God is with us—the whole entirety of human life has been embraced by the Triune God in Jesus Christ, and continues to be embraced by Him in the gift of the Holy Spirit in the Church.
And yet—we know that we have to take this on faith, quite a bit. And this act of faith can be hard, to say the least. And these O Antiphons always recognize this. God is with us, and yet we cry out for Emmanuel to come and save us. God is our king and our lawgiver—the Law of the Gospel is the very presence of Jesus Christ within us conforming our lives to His by the gift of the Spirit—and yet we still long in expectation for Him.
It is the great paradox of the Gospel that we live with both these realities ongoing. Jesus is really here, and we cry out for Him to come. Jesus is saving us, and we cry out for him to save us yet. ‘Which is it?’ I remember someone challenging one of our Madonna House members once. Is God with us or not?
To which the only answer is ‘yes, both’. He is with us, and we long for Him to be with us in fullness. He is with us in sign and sacrament and the hidden veiled dark knowledge of faith which wraps us in a great mystery continually. We long for Him to be with us so that all flesh can see and every heart know that God is God and reigns in heaven and on earth.
God became man so that we could see Him and be saved, St. Hippolytus tells us in the Office of Readings today. So we would like Him to come and be seen again, not even so much for our own sakes (I’m OK with sign and sacrament and dark knowledge of faith, personally, at least for the next 40-50 years or so!), but for the sake of those who just cannot seem to find their way to faith.

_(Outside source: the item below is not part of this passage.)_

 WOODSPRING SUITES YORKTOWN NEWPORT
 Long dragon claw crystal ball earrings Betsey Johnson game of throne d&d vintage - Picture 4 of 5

If He could just be seen a little bit more clearer, just make Himself a little more obvious—this is our great prayer and longing. The world is wrapped in darkness and dread, in much suffering in this year 2013, and in every year man has set his foot to trod the earth. We long for God to come and be with us, and be with us further, and be with us more clearly, so that the nations may take hope and be saved, so that lives may be conformed more to the Law of Christ which is the Law of Love.
We long for all men and women to truly celebrate Christmas, in other words. Not the tinsel and glitter, conspicuous consumption, reindeer and elves Christmas, although all that has its good and proper place. But… Christmas. God with us. The baby. The hope. The salvation. That Christmas. And that is my prayer for all of you reading this, as we draw very near to that great and glorious day.